Perhaps you have noted that the plots of the two remarkable ladies of the novel run parallel.
Regarding becoming a Twain or Hemingway, I really do not have a great desire to be put up on a shelf with those great writers. Time and life change you: My greatest desire, I think, is that as many people in the world as possible will read and story, and be touched by it, maybe even changed by it to a degree. That will be enough.
There is another advantage over this new version of the story over Big Red: the telling of the story to my grandson, a technique suggested to me thirty years ago by an agent in Waco who was considering taking on the book. She compared it to Jimmy Stewart’s “The Man Who Shot Liberty Valance,” where Stewart returns to the funeral of the man he once knew who shot the outlaw Liberty Valance. There he tells his tale, as we are telling our own.
Bear in mind, too, that our newspaper version is still a first draft of sorts; so the publishing in book form will have significant editing. In the end, perhaps it will rival the Harper Lee’s, perhaps not.
One element that I can say with confidence can rival most any work is the one character, that of Doocy. Doocy is a real man, and his effect on the young man in 1973 was profound, as the book shows.
Still, we are probably the worst critic of our own work; but passion can take you and me further than about anything, and these episodes are as intriguing to us today as it was in 1989 when we first put the pen to the page; and, more, its intrigue and power have not been lessened by half a century.
One more thing: the title. Big Red carries the title of “Pup.” Then after that thesis was published, I began using the working title of “Crossing the Georgia Line,” which I like because the story begins and ends with significant life-changing crossings over the Georgia line. But now, with the book having lain silent for a quarter of a century, I’m thinking of the R&B artist’s “Rainy Night in Georgia,” for that is what the story is in its final analysis. But rain is not always bad. A future publisher will have their own ideas.
I say “future publishers,” and that statement should be followed with “Lord willing.” I have self-published before, but that is not what I want for this work. I want other skillful hands – just the right ones – to guide the story to its most polished form.
Since you good readers are the guinea pigs, feel free to send any thoughts, suggestions, or encouragements: coachbowen1984@gmail.com. Especially good would be to hear your questions along the way. You can be Cheyenne and help move the plot along. We’d love that.

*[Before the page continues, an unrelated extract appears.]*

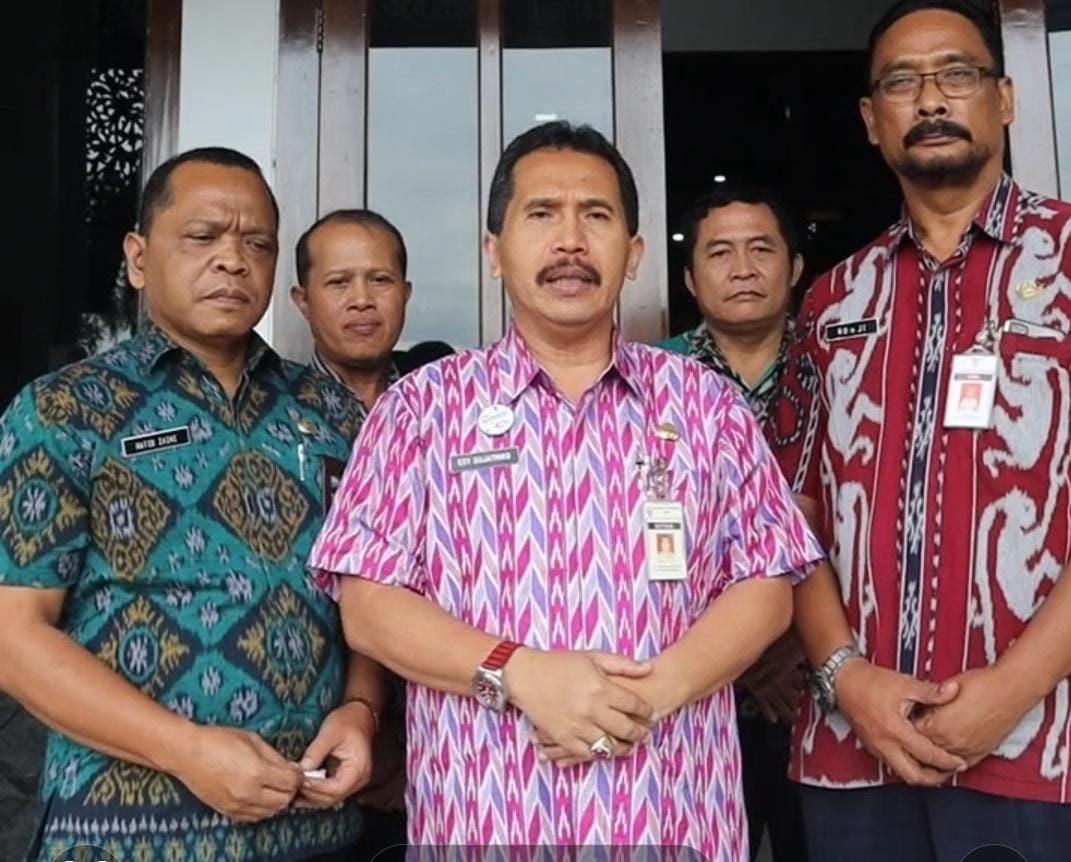 Sekretaris Daerah (Sekda) Kabupaten Jepara Edy Sujatmiko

As we get into 2024, we’ll plan on pausing occasionally as we have here with more background information, and reflections. I expect it will take the better part of 2024 to take us to the end. So, grab your hot chocolate and prop your feet up, we’ll be here a while, Lord willing!
God bless!
Coach
(December 25, 2023)
Coach Steven Bowen, a long-time Red Oak teacher and coach, now enjoys his time as a writer and preacher of the gospel. And, after a ten-year hiatus, he’s also returned to work with students at Ferris High School as well.
In addition to his evangelistic travels, he works and writes for the Church of Christ of Red Oak at Uhl Road and Ovilla. Their worship times are 10 a.m. Sundays and 7:30 pm. Wednesdays. Email coachbowen1984@gmail.com or call or text (972) 824-5197.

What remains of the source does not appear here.